Reputation: 78585
I need to do an arbitrary reorder of a 7 bit value (Yes I know I should be using a table) and am wondering if there are any bit hacks to do this.
Example:
// <b0, b1, b2, b3, b4, b5, b6> -> <b3, b2, b4, b1, b5, b0, b6>
// the naive way
out =
(0x020 & In) << 5 |
(0x008 & In) << 2 |
(0x040 & In) |
(0x012 & In) >> 1 |
(0x004 & In) >> 2 |
(0x001 & In) >> 3;
// 6 ANDs, 5 ORs, 5 shifts = 16 ops
edit: I was thinking of something along the lines of this
Just for kicks and because I was AFTK I'm trying a brute force search for solutions of the form:
((In * C1) >> C2) & 0x7f
No solutions found.
Upvotes: 3
Views: 1226
Reputation: 35540
Before you optimize, you should make sure your 'naive' way is doing what you intend.

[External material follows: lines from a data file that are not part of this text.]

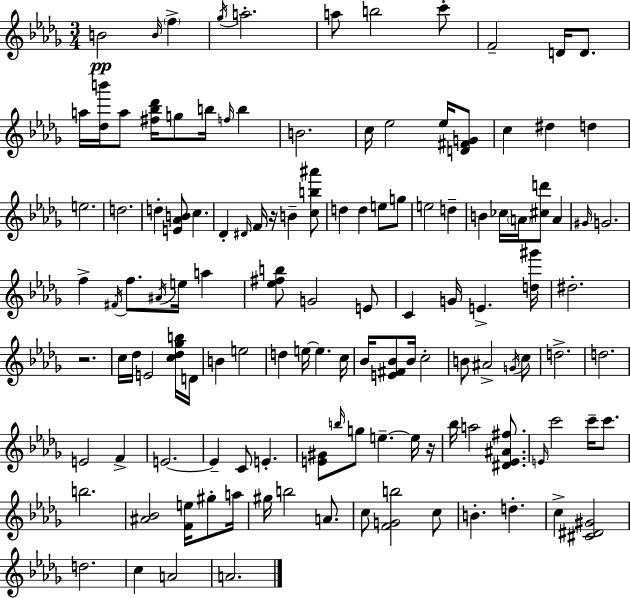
B4/h B4/s F5/q Gb5/s A5/h. A5/e B5/h C6/e F4/h D4/s D4/e. A5/s [Db5,B6]/s A5/e [F#5,Bb5,Db6]/s G5/e B5/s F5/s B5/q B4/h. C5/s Eb5/h Eb5/s [D4,F#4,G4]/e C5/q D#5/q D5/q E5/h. D5/h. D5/q [E4,Ab4,B4]/e C5/q. Db4/q D#4/s F4/s R/s B4/q [C5,B5,A#6]/e D5/q D5/q E5/e G5/e E5/h D5/q B4/q CES5/s A4/s [C#5,D6]/e A4/q G#4/s G4/h. F5/q F#4/s F5/e. A#4/s E5/s A5/q [Eb5,F#5,B5]/e G4/h E4/e C4/q G4/s E4/q. [D5,G#6]/s D#5/h. R/h. C5/s Db5/s E4/h [C5,Db5,Gb5,B5]/s D4/s B4/q E5/h D5/q E5/s E5/q. C5/s Bb4/s [E4,F#4,Bb4]/e Bb4/s C5/h B4/e A#4/h G4/s C5/e D5/h. D5/h. E4/h F4/q E4/h. E4/q C4/e E4/q. [E4,G#4]/e B5/s G5/e E5/q. E5/s R/s Bb5/s A5/h [D#4,Eb4,A#4,F#5]/e. E4/s C6/h C6/s C6/e. B5/h. [A#4,Bb4]/h [F4,E5]/s G#5/e A5/s G#5/s B5/h A4/e. C5/e [F4,G4,B5]/h C5/e B4/q. D5/q. C5/q [C#4,D#4,G#4]/h D5/h. C5/q A4/h A4/h.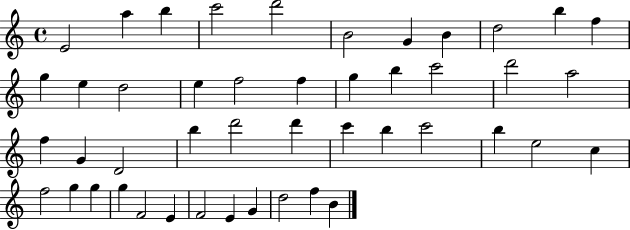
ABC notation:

X:1
T:Untitled
M:4/4
L:1/4
K:C
E2 a b c'2 d'2 B2 G B d2 b f g e d2 e f2 f g b c'2 d'2 a2 f G D2 b d'2 d' c' b c'2 b e2 c f2 g g g F2 E F2 E G d2 f B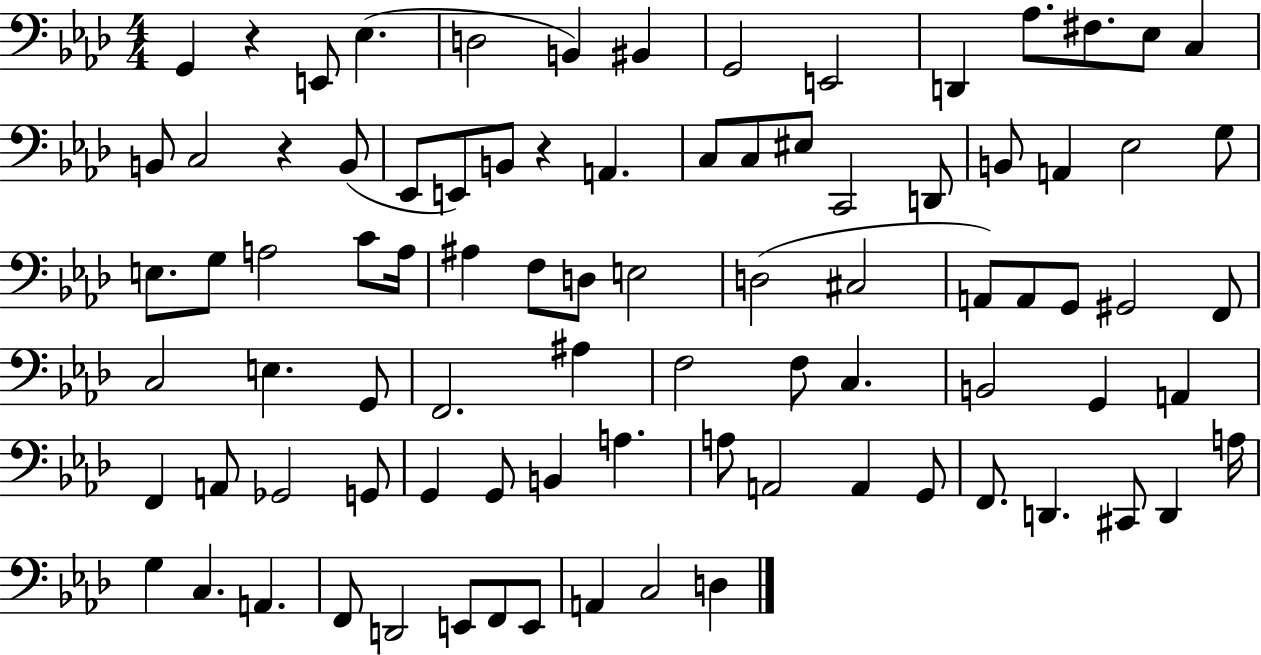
{
  \clef bass
  \numericTimeSignature
  \time 4/4
  \key aes \major
  g,4 r4 e,8 ees4.( | d2 b,4) bis,4 | g,2 e,2 | d,4 aes8. fis8. ees8 c4 | \break b,8 c2 r4 b,8( | ees,8 e,8) b,8 r4 a,4. | c8 c8 eis8 c,2 d,8 | b,8 a,4 ees2 g8 | \break e8. g8 a2 c'8 a16 | ais4 f8 d8 e2 | d2( cis2 | a,8) a,8 g,8 gis,2 f,8 | \break c2 e4. g,8 | f,2. ais4 | f2 f8 c4. | b,2 g,4 a,4 | \break f,4 a,8 ges,2 g,8 | g,4 g,8 b,4 a4. | a8 a,2 a,4 g,8 | f,8. d,4. cis,8 d,4 a16 | \break g4 c4. a,4. | f,8 d,2 e,8 f,8 e,8 | a,4 c2 d4 | \bar "|."
}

If I make your code into a function and run this loop:
for (b=0;b<7;b++)
{
i=1<<b;
printf("%d: %02x -> %02x\n", b, i, shuffle(i));
}
It produces this output, which contradicts the comments. In fact, it loses bits.
0: 01 -> 00
1: 02 -> 01
2: 04 -> 01
3: 08 -> 20
4: 10 -> 08
5: 20 -> 00
6: 40 -> 40
In order to get the shuffle you describe, I would code it like this:
// 0 1 2 3 4 5 6
//-> 3 2 4 1 5 0 6
(0x001 & In) << 3 |
(0x004 & In) << 2 |
(0x020 & In) |
(0x012 & In) << 1 |
(0x008 & In) >> 2 |
(0x020 & In) >> 5 ;
Upvotes: 0
Reputation: 4778
The first step seems to be to understand a mathematical solution and optimize that.
see here of bit hacks
Upvotes: 5
Reputation: 1985
Have a look at the compiler output of your "naive" code, it might surprise you. I once did something like that and the compiler (VC++2005) completely changed the values of all the ands and shifts for me to make them more efficient, eg I'm sure it would remove your "(0x001 & In) >> 3".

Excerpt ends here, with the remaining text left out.